Meeting of 5/24/18: ‘WWII Man of Mystery’

screen-shot-2016-10-16-at-7-10-54-pmMeeting at Quigley’s Restaurant
593 Columbia Turnpike
East Greenbush, NY
May 24, 2018

Members Attending (12): Roberto Martinez, Murray Forth, Pat Bailey, Jim Leyhane, Peter Brown, Terry Brewer, Geoff Brewer, Debbie Brown, Dick Drumm, Charlie Foote, Stewart Wagner, Phil Kellerman.

Guests (18): Lorraine McConnlee (Scotia Rotary Club), Lois Wagner, Mary Drumm, Sandy and Mickey Conlee, Debbie and Bill Romer, Corliss and Len Tantillo, Doris and Robert Malesardi, Jan and John McEneny, Steve Bielinski and wife, Shirley Lentz, Joe and Cherie Corr.


OPENING: President Roberto welcomed the large number of guests.

Screen Shot 2017-10-13 at 7.35.39 PMROTARY LEADERSHIP INSTITUTE: We are urging as many members as possible to enroll in Level I, II, III or the Graduate Level of the RLI sessions scheduled for Saturday, October 20, at the UAlbany School of Public Health.

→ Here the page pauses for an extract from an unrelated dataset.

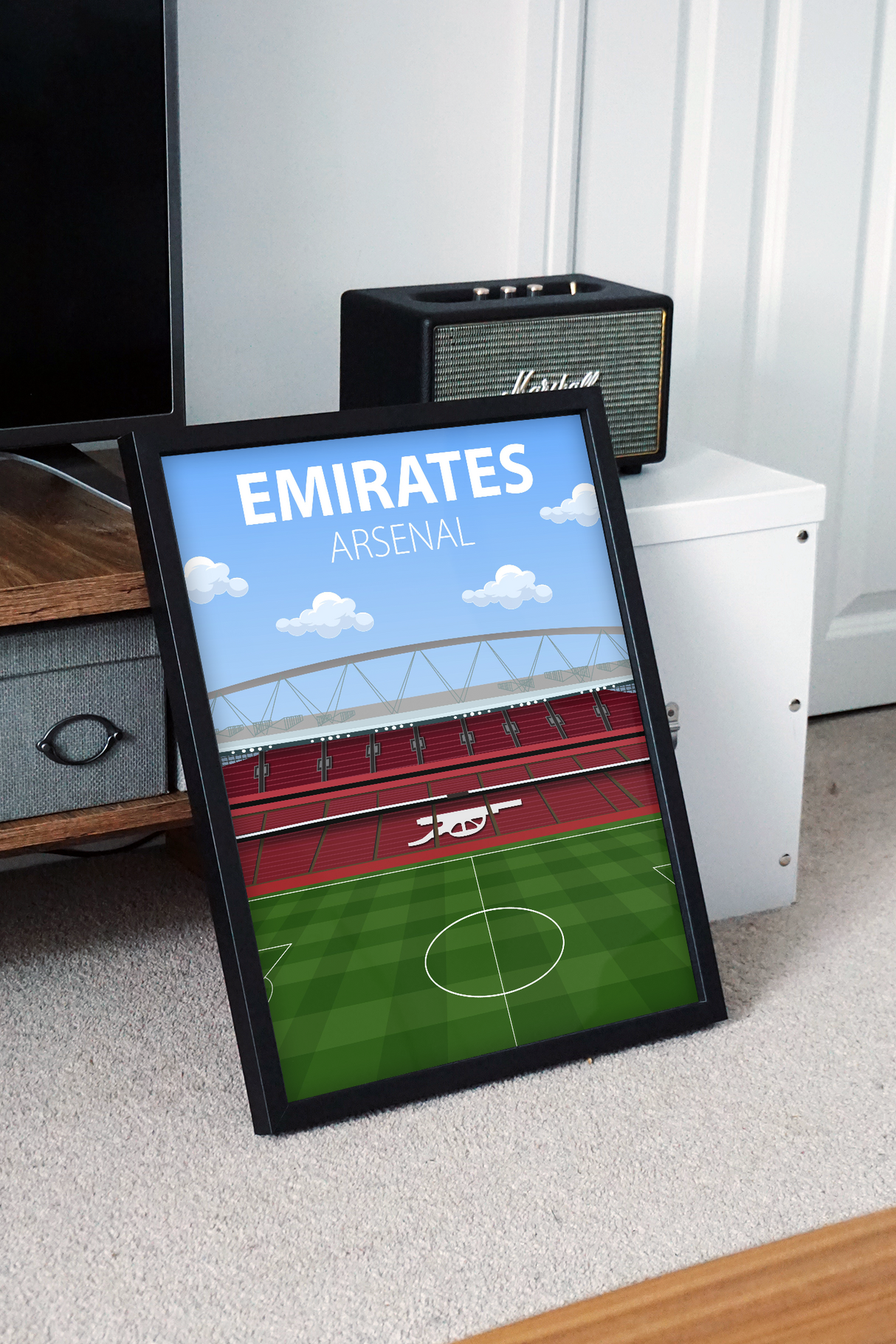Emirates Stadium Poster, Arsenal FC Wall Art, Choose Framed or Print Only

The club will pay the registration fees for anyone who is interested. Check with Bill Dowd who is coordinating our registration. Click here for details.

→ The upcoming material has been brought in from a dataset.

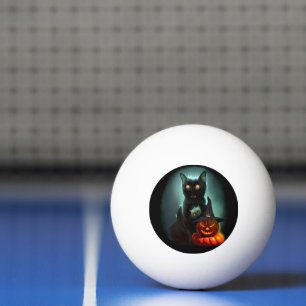 Vampire Cat and Wizard Pumpkin Halloween Surreal Ping Pong Ball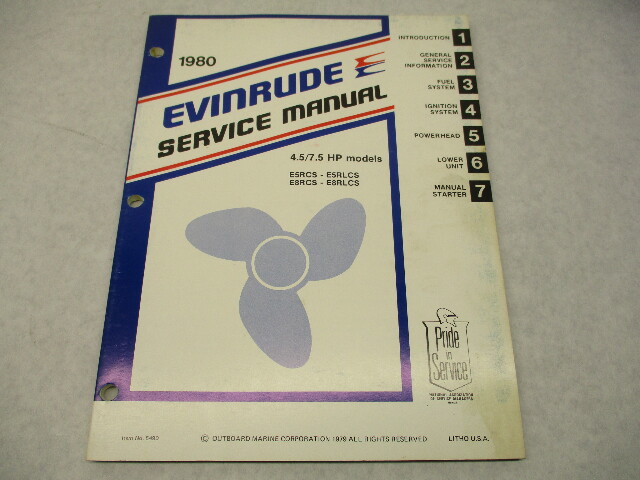 5490 OMC 1980 Evinrude Outboard Service Repair Manual 4.5 & 7.5 HP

DUES STRUCTURE: The second installment of a $4-per-year, three-year plan of dues increases instituted by Rotary International will take effect on July 1, the first day of the 2018-19 Rotary Year. An explanation of the reasoning behind the change and where your dues money goes is available by clicking here.

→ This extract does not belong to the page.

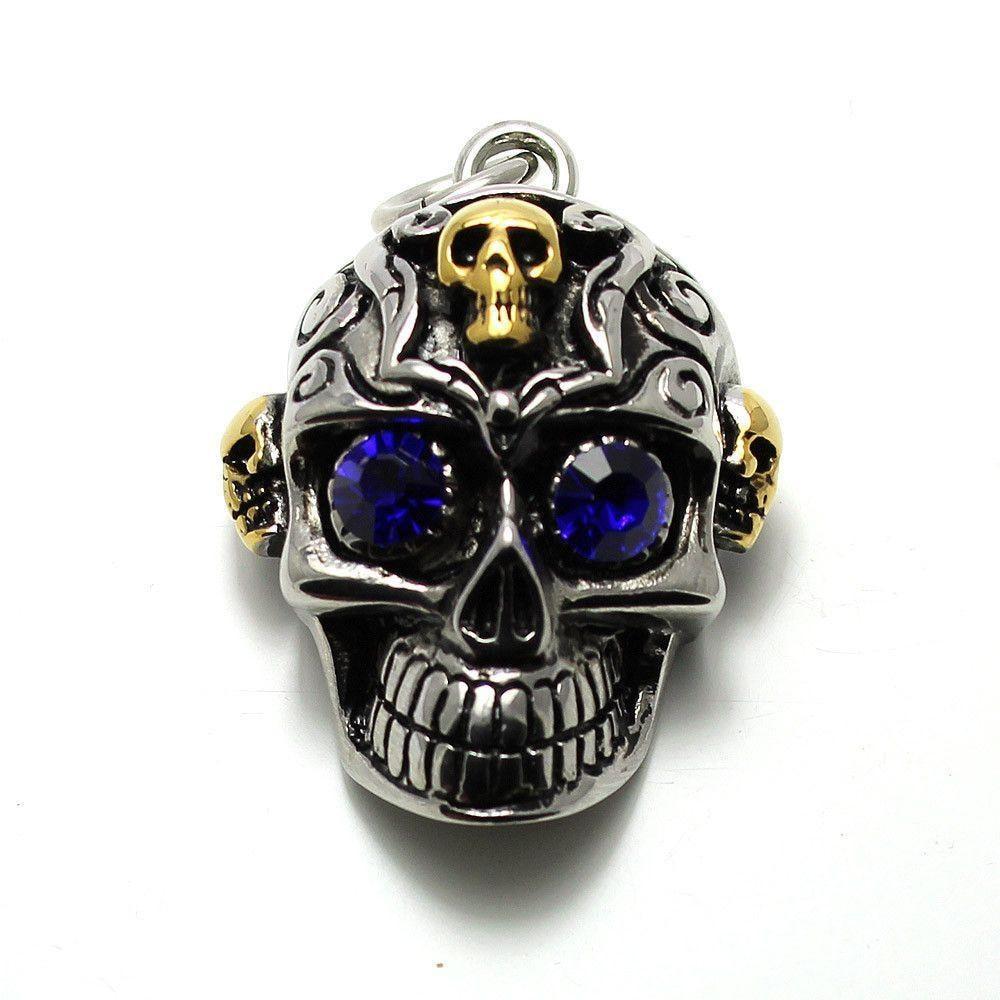 Large Skull Pendant With Blue CZ Eyes - Stainless Steel 600046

SHELTERBOX: The recent 24-hour online fundraising effort by the international relief agency that was matched up to $100 per individual pledge raised $35,000, the equivalent of the purchase price for 35,000 temporary shelters and accomoanying emergency equipment. Click here for details.

MIRACLE LEAGUE: SRC member Burke Adams, founder of the Miracle League for athletes with disabilities, was honored on opening day with “Burke Adams Day” as proclaimed by the Rensselaer County Legislature.

Rotary Home Cooking logoROTARY HOME COOKING SERIES: The last event of the season’s series, “An International Wine & Cheese Tasting,” drew more than 30 people to Roberto’s residence last Saturday. He, Bill Dowd, and Jim Leyhane co-hosted the event, with proceeds going to the club treasury. Click here for a photo gallery of the evening.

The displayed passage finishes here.